Он, Иванка, ждал, ждал да и ждать перестал. Вспомнил, что видел летом на чердаке старые отцовские ботинки, усохшие и корявые, с содранными до белизны носками, раскрытыми, как пасть щуки. Летом не нужны были те ботинки, а теперь удачно вспомнил о них, достал с чердака, обернул на ночь в мокрую портянку — они стали мягче, как бы ожили. Плохо лишь, что подошва у них отваливается. Но надо же спасать ботинки, и вот он в одном месте проволочкой подшил, в другом — веревочкой подвязал и выбрался сегодня на улицу. И завтра выйдет, и послезавтра: дед может не нести тот чунь — веревочный лапоть, — обойдется и без него. И мамка не очень будет следить, порвал ты эти ботинки или не порвал: не она же подарила их тебе, ты сам их нашел.

И все хорошо было в нынешний день, пока этот гад Тявлик не стал показывать на нем свою силу и злость, не стал издеваться над ним. Гад этот криворотый! Думает, что если в карты умеет играть, так уже и цаца большая. А он, Иванка, в карты играть не хочет, потому что дед сказал, что детям в карты играть нельзя, да и взрослым никакой от них пользы. А деда он слушается, потому дед самый толковый в деревне: мамка говорила, он еще при панах, в молодости, детей по хатам учил грамоте, и ему за это давали муку и бульбу. Так разве можно бить за то, что он, Иванка, не хочет играть в карты? Да еще грозит, что, как только помрет дед, совсем не даст ему, Иванке, житья: слишком умными хотят они с дедом быть. Пристрашил, что донесет на деда за то, что он во время войны забрал домой школьную доску, чтобы учить Иванку грамоте. И чего не дает ему покоя грамота? Злится, что идти Иванке в школу только с осени, а он уже и писать и читать умеет и решает все задачи. Тявлик орет, что он грамотеев разных, ученых этих, согнал бы всех на край света, будь его право: знает он их, знает, какие они, — такие, как их бывший учитель, который в полицаях служил. Расстреляли гада печеного партизаны, он бы и сам его, если б винтовку дали, прикокал бы. А что его не переводят в пятый класс, так это не беда, да он и сам, может, не хочет: нашли придурка учить в том классе немецкий язык. Пускай у него лучше язык отсохнет, если он будет учить его и говорить, как поганые фрицы. Они убили отца и спалили хату, а он будет по-немецки говорить! Вот бросит весною школу и пойдет конюхом в колхоз.

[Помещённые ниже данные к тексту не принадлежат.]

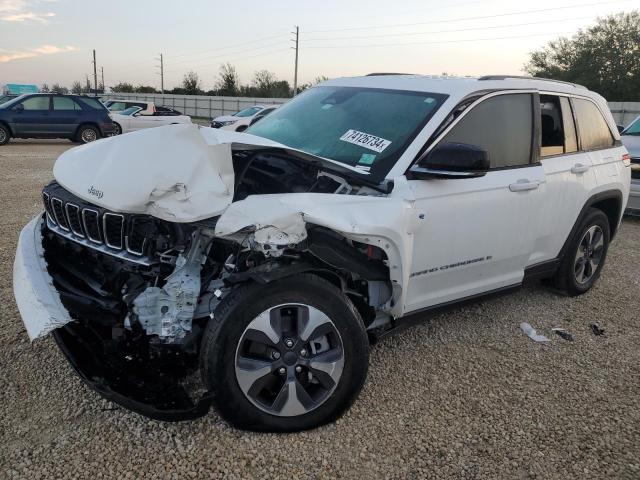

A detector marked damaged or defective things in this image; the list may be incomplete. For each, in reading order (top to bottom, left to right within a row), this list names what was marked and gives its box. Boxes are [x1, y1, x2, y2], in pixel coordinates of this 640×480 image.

crushed front bumper [13, 214, 212, 420]
damaged front end [15, 124, 404, 420]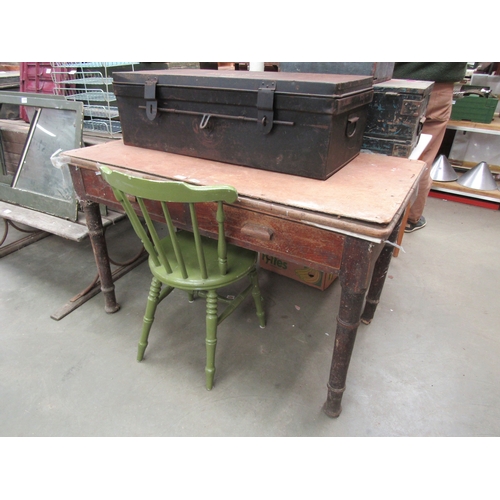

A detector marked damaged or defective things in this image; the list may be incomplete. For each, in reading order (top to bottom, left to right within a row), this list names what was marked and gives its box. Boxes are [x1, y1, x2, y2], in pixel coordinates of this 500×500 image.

rusty metal box [112, 69, 372, 181]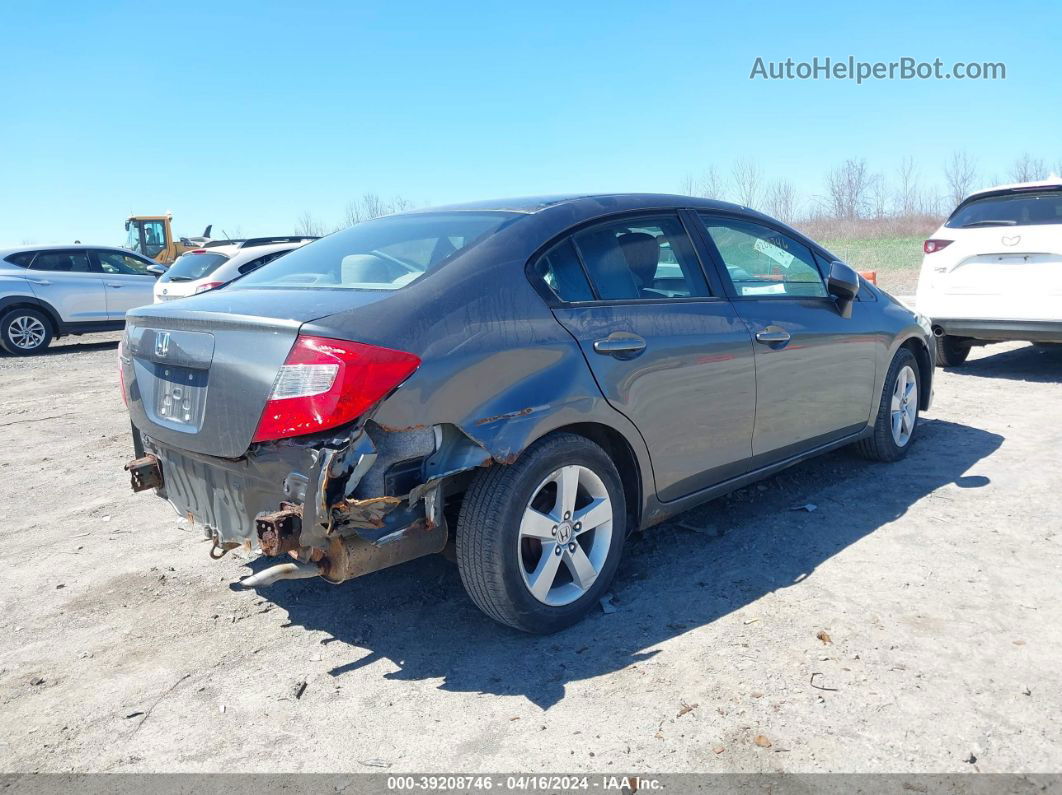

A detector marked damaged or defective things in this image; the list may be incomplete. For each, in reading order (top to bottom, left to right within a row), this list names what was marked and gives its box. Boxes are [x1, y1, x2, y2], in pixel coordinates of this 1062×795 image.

damaged gray sedan [122, 194, 932, 636]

Тоже мне, нашел, чем запугать! Ну и пускай себе идет в конюхи, там скорее скрутит себе голову. Он, Иванка, по нему не будет плакать. Было бы по ком!

3

На Пилипчиковой яблоне птиц уже не было, и не видел он, когда они полетели и куда. В поле, то крепчая, то слабея, шастал ветер, небо было сивое без туч, без просветов в них — сплошная мглистая наволочь. За полем серой узкой полосою выделялся лес, лежащий в низине. Когда ветер утихал, казалось, что там, в лесу, становилось тихо и глухо. И там, казалось, была какая-то своя, не подвластная ветру жизнь.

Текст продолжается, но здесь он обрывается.